Find the roots of the following quadratic equations (if they exist) by the method of completing the square.
$\sqrt{2} x^{2}-3 x-2 \sqrt{2}=0$
We have been given that,
$\sqrt{2} x^{2}-3 x-2 \sqrt{2}=0$
Now divide throughout by $\sqrt{2}$. We get,
$x^{2}-\frac{3}{\sqrt{2}} x-2=0$
Now take the constant term to the RHS and we get
$x^{2}-\frac{3}{\sqrt{2}} x=2$
Now add square of half of co-efficient of ‘x’ on both the sides.

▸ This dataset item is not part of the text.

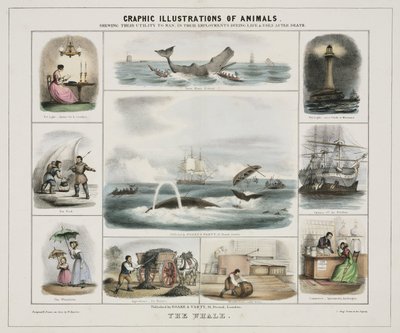 La baleine", vers 1845 - Unknown artist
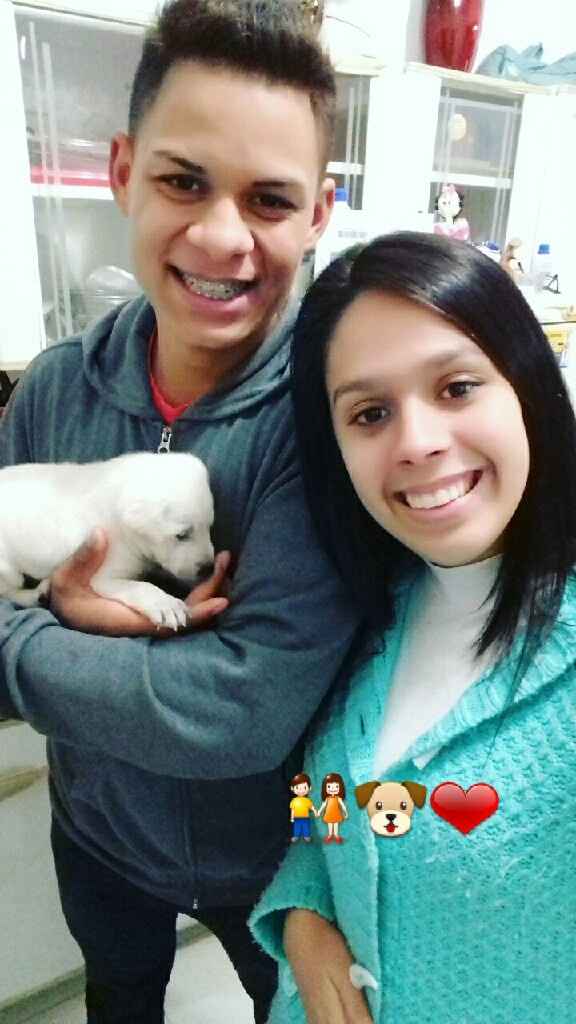Apresento a vocês, nosso filho 🐶💙 #vemver! - 17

We have,
$x^{2}-\frac{3}{\sqrt{2}} x+\left(\frac{3}{2 \sqrt{2}}\right)^{2}=\left(\frac{3}{2 \sqrt{2}}\right)^{2}+2$
$x^{2}+\left(\frac{3}{2 \sqrt{2}}\right)^{2}-2\left(\frac{3}{2 \sqrt{2}}\right) x=\frac{25}{8}$
$\left(x-\frac{3}{2 \sqrt{2}}\right)^{2}=\frac{25}{8}$
Since RHS is a positive number, therefore the roots of the equation exist.
So, now take the square root on both the sides and we get
$x-\frac{3}{2 \sqrt{2}}=\pm \frac{5}{2 \sqrt{2}}$
$x=\frac{3}{2 \sqrt{2}} \pm \frac{5}{2 \sqrt{2}}$
Now, we have the values of ‘x’ as
$x=\frac{3}{2 \sqrt{2}}+\frac{5}{2 \sqrt{2}}$
$=2 \sqrt{2}$
Also we have,
$x=\frac{3}{2 \sqrt{2}}-\frac{5}{2 \sqrt{2}}$
$=-\frac{1}{\sqrt{2}}$
Therefore the roots of the equation are $2 \sqrt{2}$ and $-\frac{1}{\sqrt{2}}$.